--- GIVEN ENTRIES ---
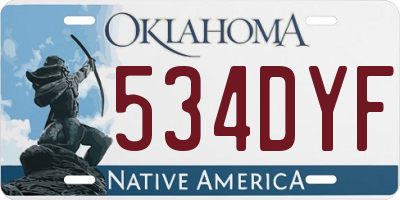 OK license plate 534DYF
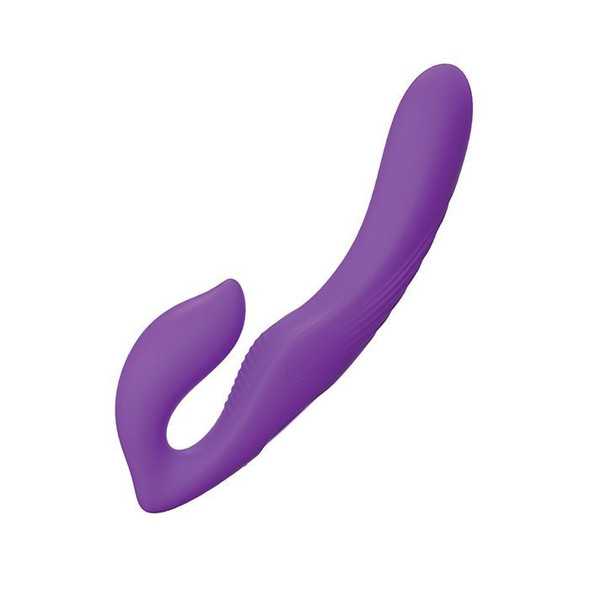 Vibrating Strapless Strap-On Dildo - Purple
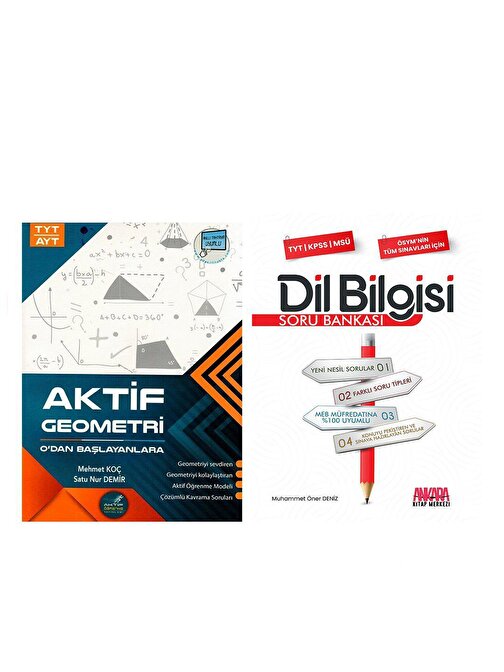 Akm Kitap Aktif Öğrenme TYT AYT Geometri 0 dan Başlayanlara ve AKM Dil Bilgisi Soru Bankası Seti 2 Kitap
* * *
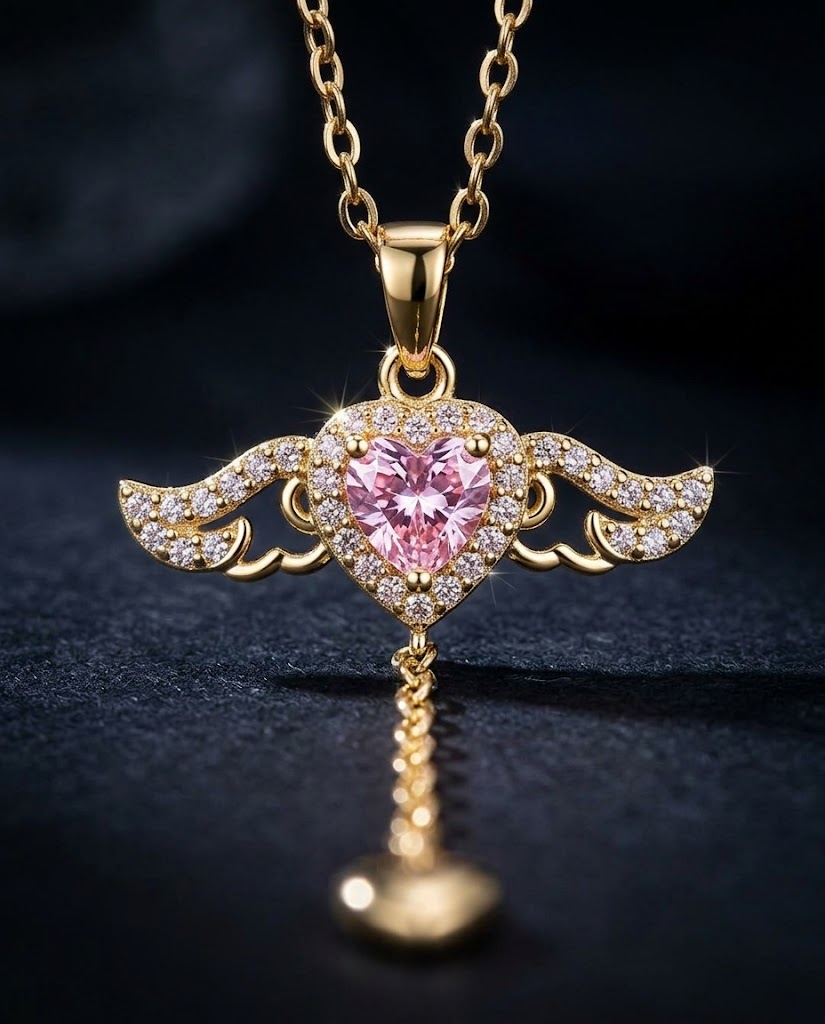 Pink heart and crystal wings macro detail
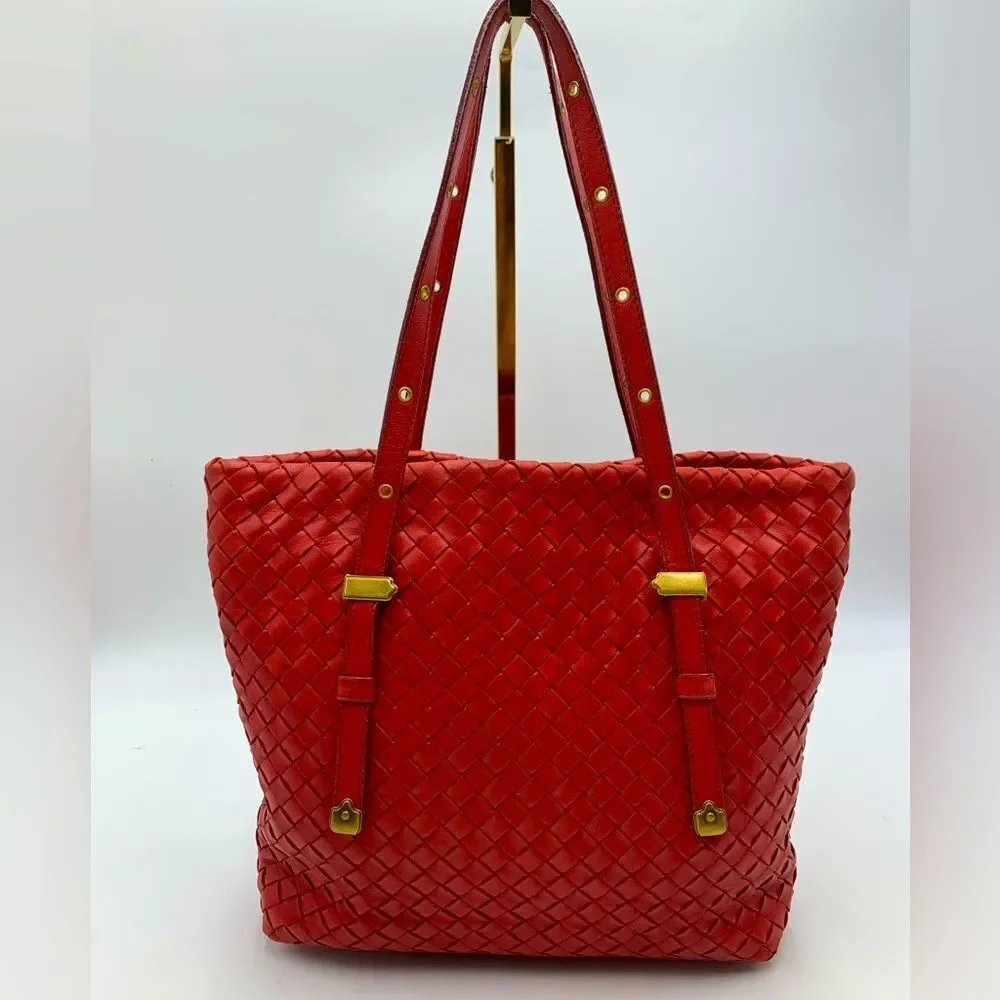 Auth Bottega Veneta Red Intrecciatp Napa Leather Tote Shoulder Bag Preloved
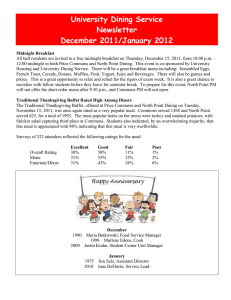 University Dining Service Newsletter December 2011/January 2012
...
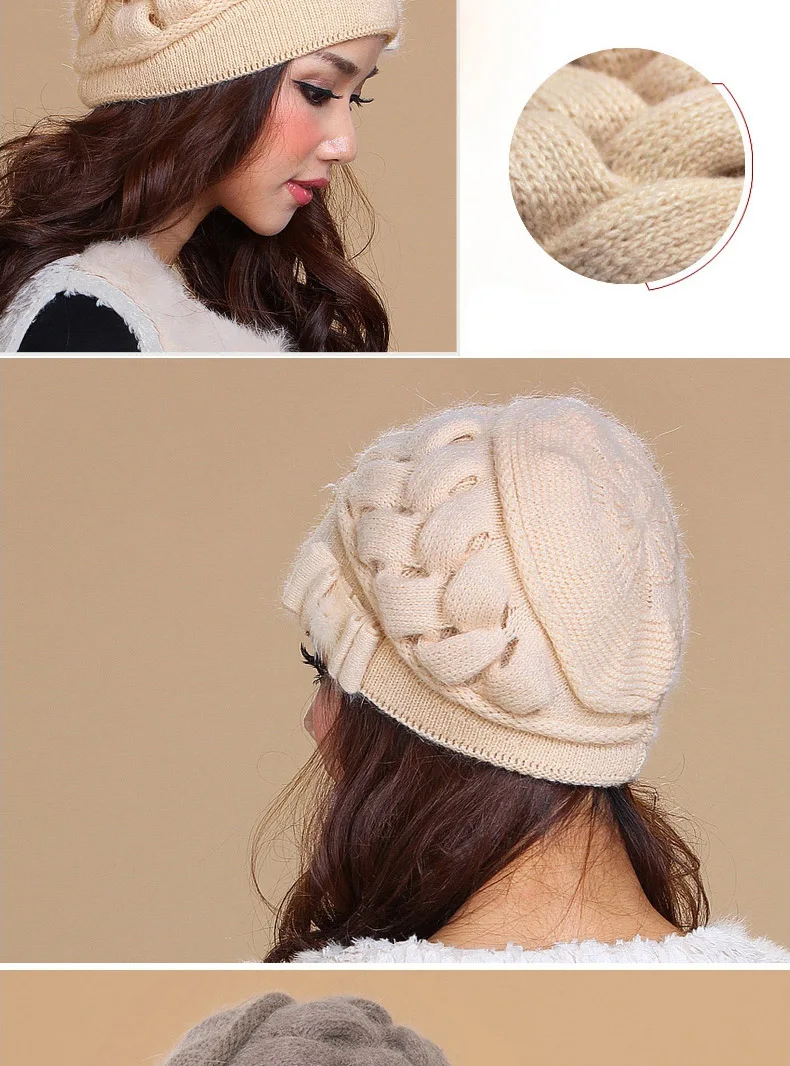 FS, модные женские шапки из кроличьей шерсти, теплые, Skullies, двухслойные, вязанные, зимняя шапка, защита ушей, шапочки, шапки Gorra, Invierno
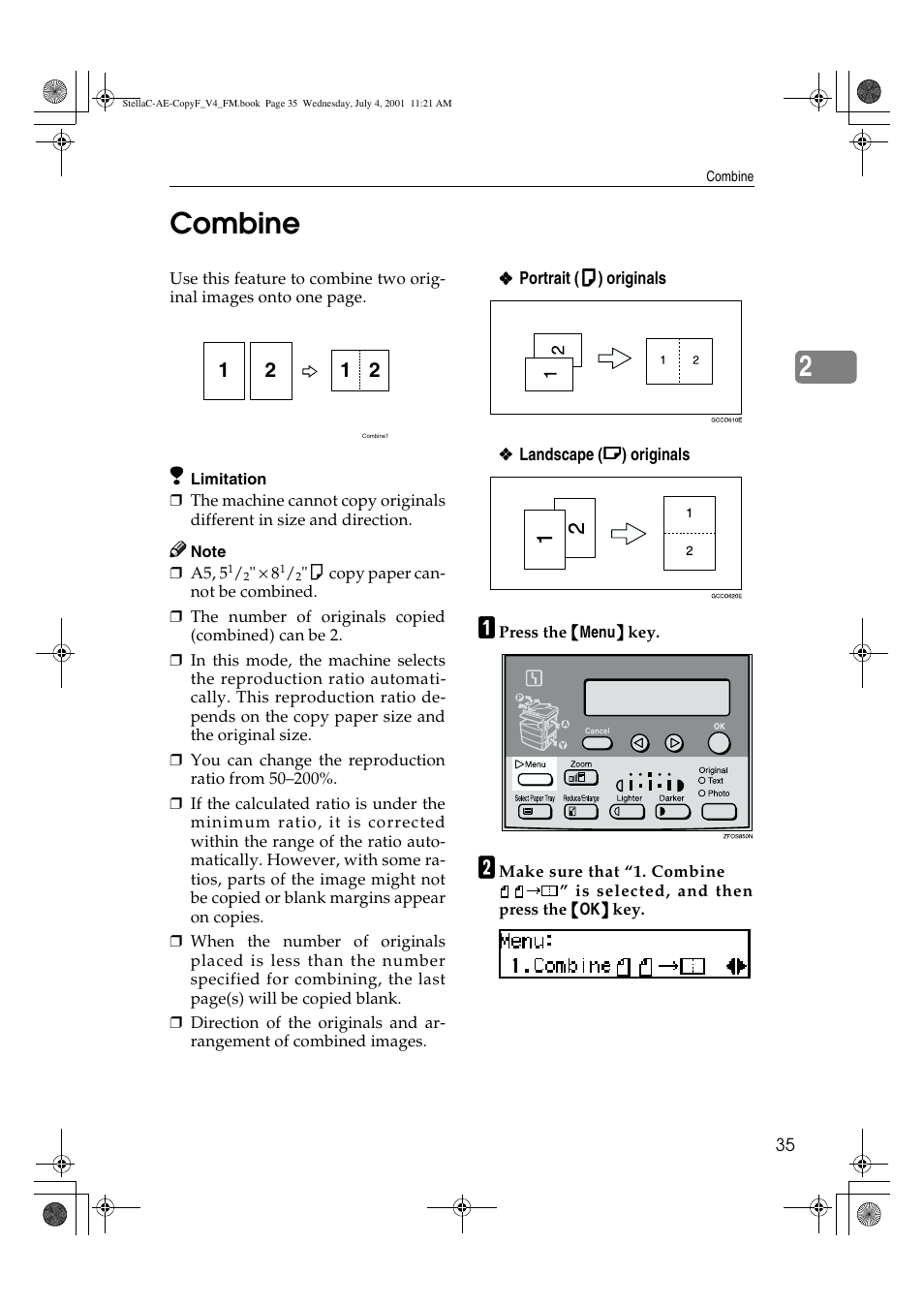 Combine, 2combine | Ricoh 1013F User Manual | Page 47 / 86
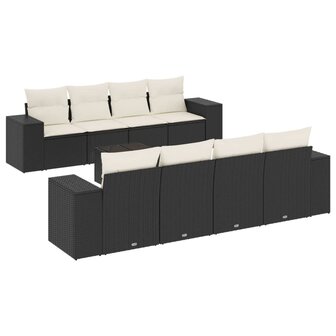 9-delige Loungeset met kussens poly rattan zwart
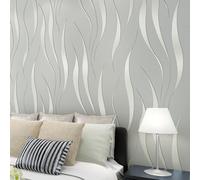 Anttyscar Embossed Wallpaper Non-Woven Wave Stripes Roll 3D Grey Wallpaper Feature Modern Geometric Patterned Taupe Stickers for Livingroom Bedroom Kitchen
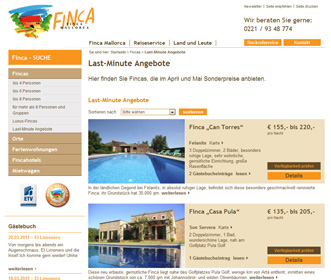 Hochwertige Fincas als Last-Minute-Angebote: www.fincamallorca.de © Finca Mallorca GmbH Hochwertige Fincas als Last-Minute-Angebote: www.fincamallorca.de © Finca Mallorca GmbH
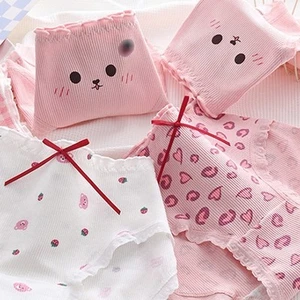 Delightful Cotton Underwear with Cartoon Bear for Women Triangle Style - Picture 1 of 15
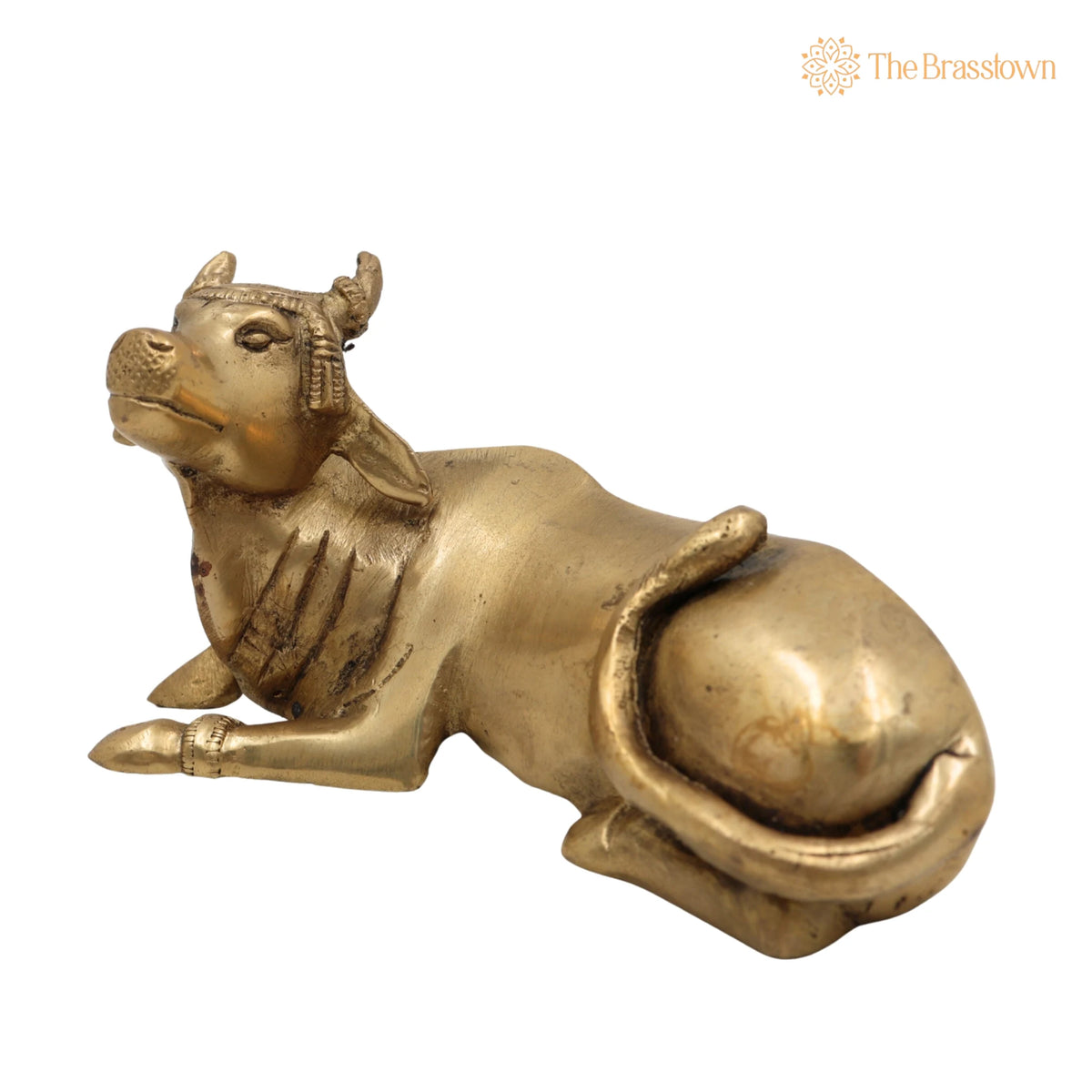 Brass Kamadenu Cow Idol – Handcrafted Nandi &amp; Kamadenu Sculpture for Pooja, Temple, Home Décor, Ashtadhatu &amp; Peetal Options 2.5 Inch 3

--- TASK OBJECTIVE ---
Nothing except the lines from the one containing "OK license plate 534DYF" through the one containing "Akm Kitap Aktif" should appear in the answer, exactly as above and without pictures.

--- RESULT OF THIS TASK ---
 OK license plate 534DYF
 Vibrating Strapless Strap-On Dildo - Purple
 Akm Kitap Aktif Öğrenme TYT AYT Geometri 0 dan Başlayanlara ve AKM Dil Bilgisi Soru Bankası Seti 2 Kitap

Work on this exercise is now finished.